GOLDEN, Colo. - A uranium company is considering using molasses to clean up an abandoned uranium mine west of Denver.

Cotter Corp. is hoping the procedure will reduce a threat to city water supplies.

According to the Denver Post, Cotter officials believe bacteria inside the mine will devour the molasses and dissolved uranium, creating solid uranium particles that can be recovered.

"We believe we can get the water to such a state that it would be OK to let it come out," Cotter vice president John Hamrick said in an interview with the newspaper. "We're using our best efforts to do this as quickly as we can."

Hamrick told the newspaper that bacteria "will eat the uranium to live, and part of what they excrete, or the byproduct of that, is a solid particle that will fall down to the bottom of the mine."

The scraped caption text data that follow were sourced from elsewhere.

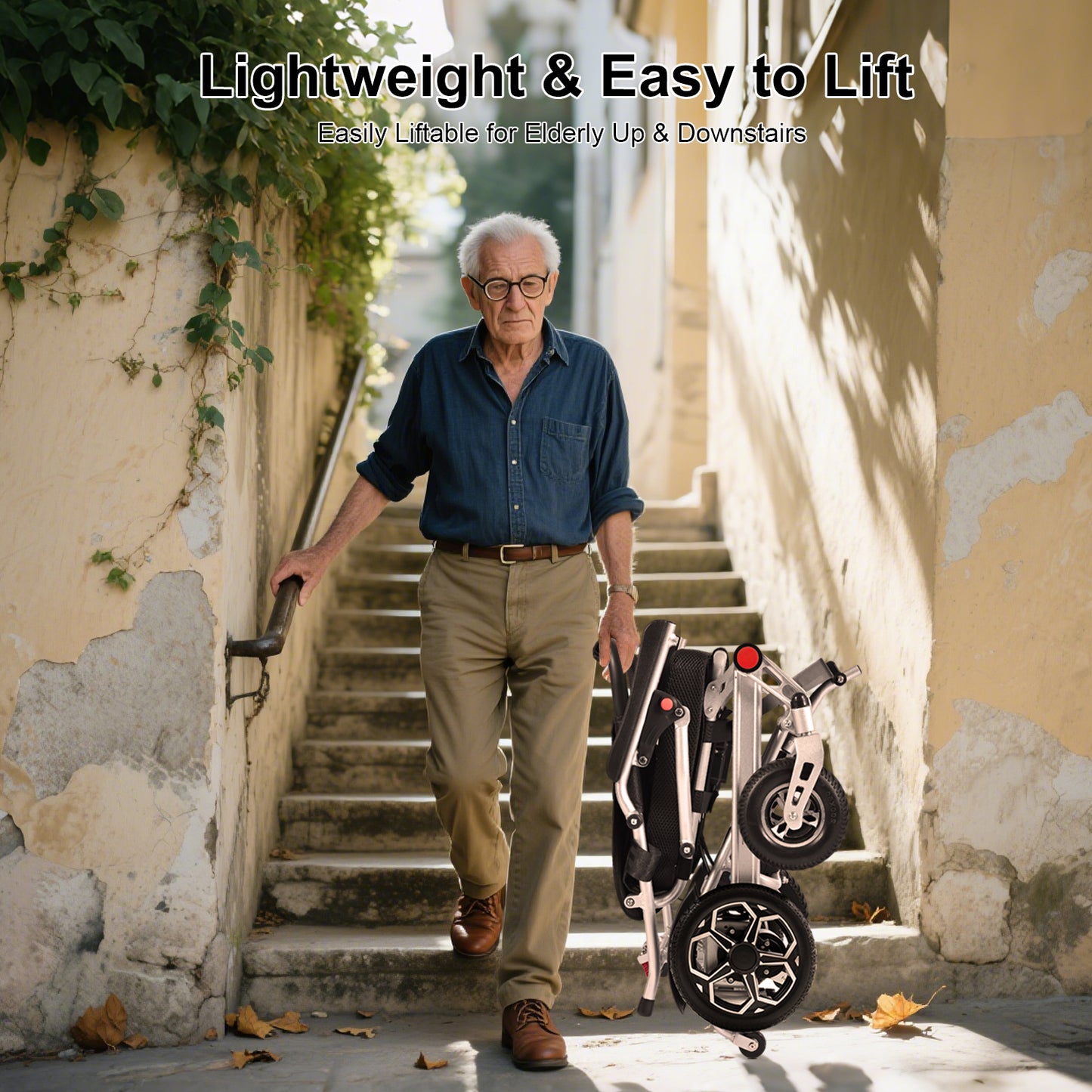 D10 Foldable Electric Wheelchair – Portable, 13-Mile Range,12Ah lithium battery,500W Motor,51.8 lbs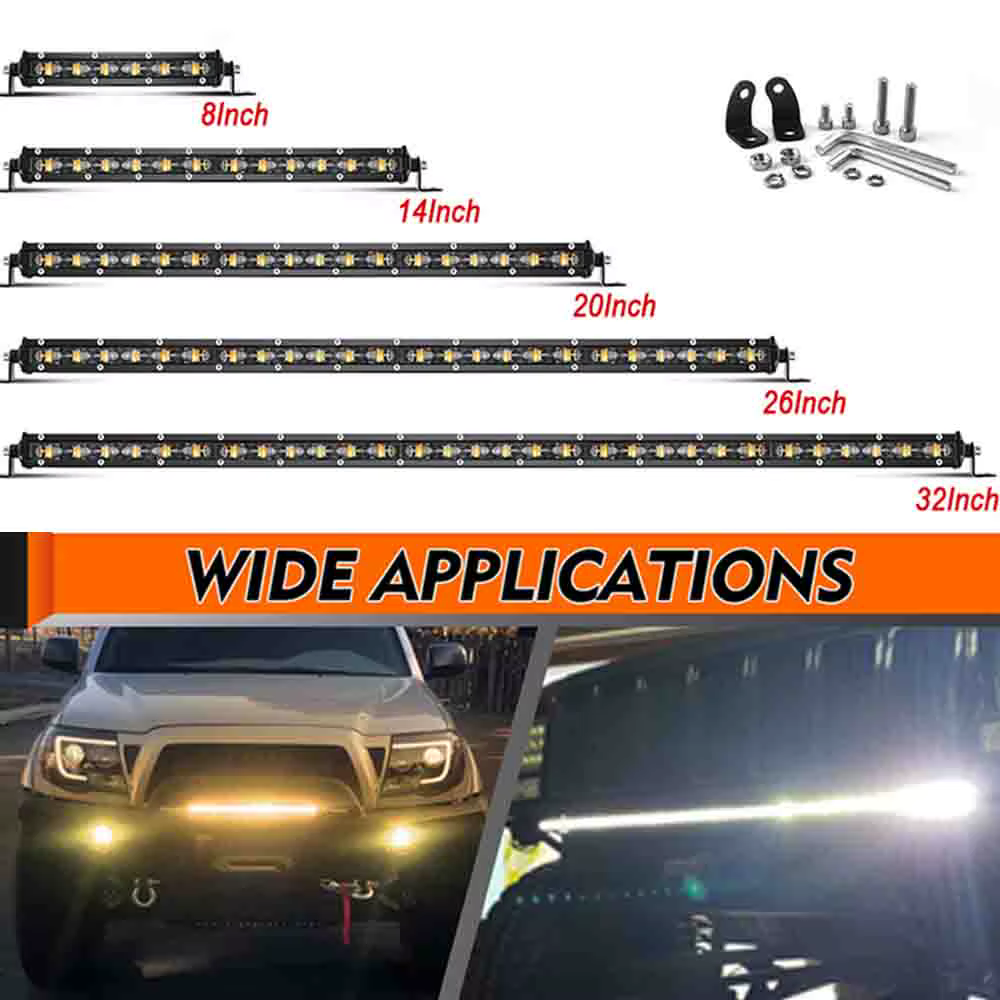 Barre lumineuse LED 6D 8 pouces 14 pouces 20 pouces barre LED tout-terrain pour camion Lada 4x4 SUV ATV Niva blanc jaune conduite automatique LED antibrouillard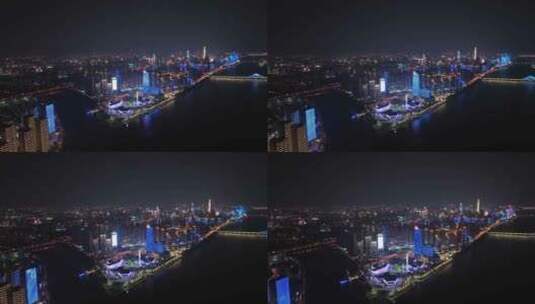 长沙滨江文化园夜景航拍城市北辰建筑风光高清在线视频素材下载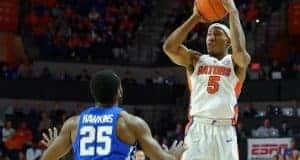 University of Florida sophomore guard KeVaughn Allen shoots a three against Kentucky- Florida Gators basketball- 1280x852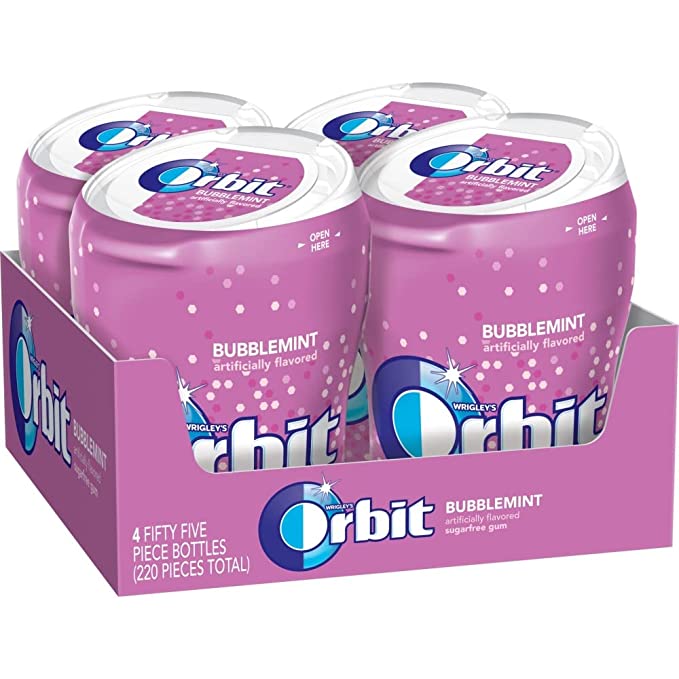  Orbit Bubblemint Sugarfree Gum, 55 piece bottles (Pack of 4)  - 786173923277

The process, called “bioremediation,” is an alternative to pumping and treating uranium-contaminated mine water, the newspaper reports.

The uranium concentration in the mine water reached concentrations as high as 24,000 parts per billion, according to the newspaper. The federal drinking water standard for safety is 30 parts per billion.

The mine water has contaminated Ralston Creek, which flows into Ralston Reservoir, a source of drinking water for 1.3 million residents in the Denver metro area, the newspaper reports.

The U.S. Environmental Protection Agency has approved Cotter's project and state regulators are reviewing it.